Kudos too, for scenic design by Collette Pollard, whose representation of the extensive KGB files on parties of interest is another high point of the show, played also to great comic effect. On Steppenwolf’s newest in-the-round theater space is a blank tablet with minimalist sets introduced only when required. Sound design by Pornchanak Kanchanabanca is noteworthy, from light touches of evocative music to dramatic sound effects such the roaring inferno where many of Babel’s writings are destroyed.

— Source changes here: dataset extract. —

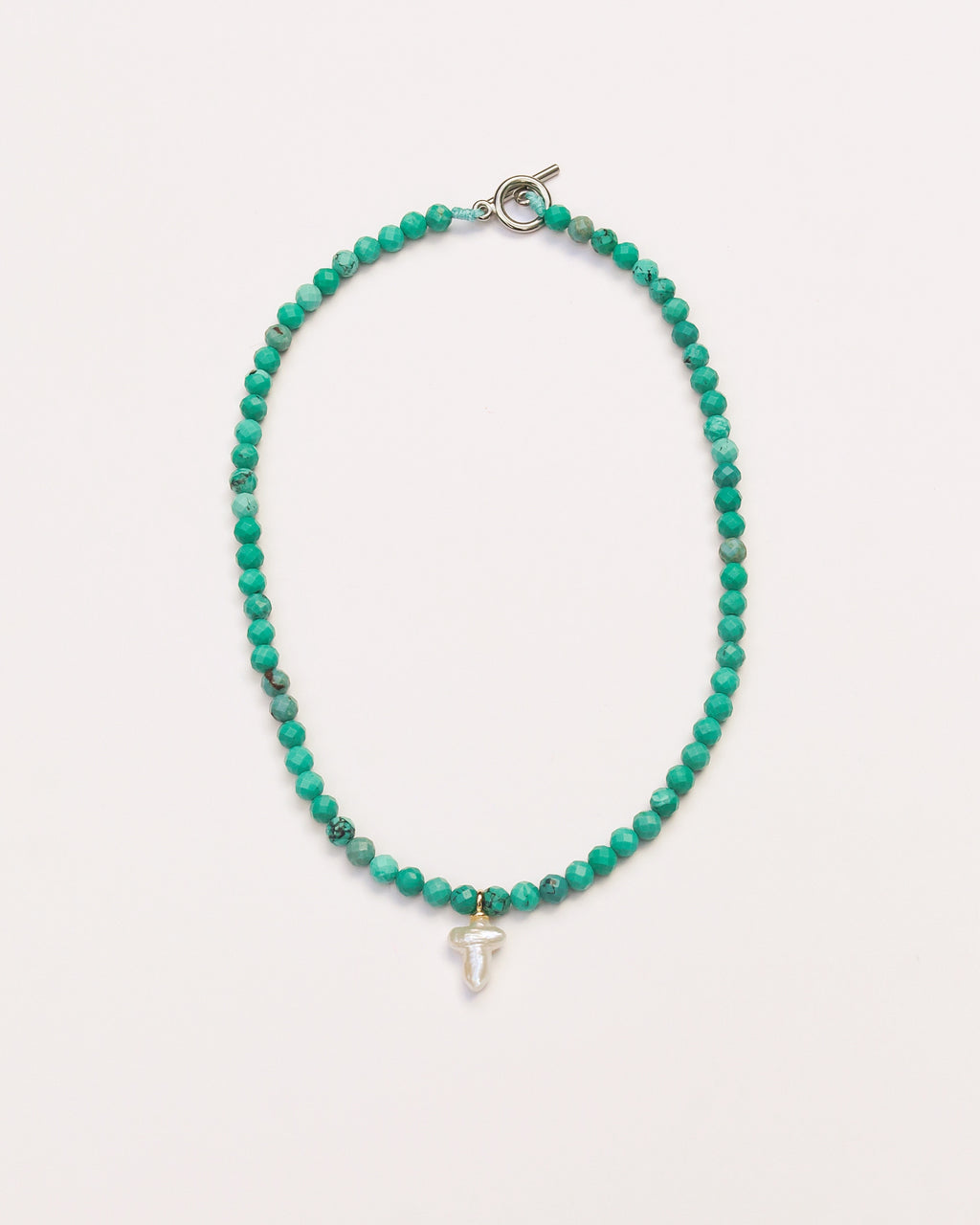 Turquoise Cross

In some ways “Describe the Night” is an absurdist style play, the characters not naturalistic. But Joseph, who also won a Tony for his "Bengal Tiger at the Baghdad Zoo," leavens this with his signature style of natural contemporary speech. We see this particularly as two real life characters, Isaac Babel (James Vincent Merredith) and his military minder and friend Nikolai (Yasen Peyankov) who joust about the nature of truth. Likewise with two fictional characters from scenes in post-Soviet times, airport car rental agent Feliks (Jack Cain) and reporter Marikya (Caroline Neff, who I never can get enough of on stage). Mariyka also comes under questioning Vova in the search for the missing journal, making a connection to contemporary times.

This show flies by in two hours and forty-five minutes, and the first act is engaging and promising, on which the second act delivers in spades. I had no idea how much time had passed when the lights came up. “Describe the Night” runs through April 9, 2023 at Steppenwolf Theatre in Chicago. It’s a great production of what is proving to be a seminal play.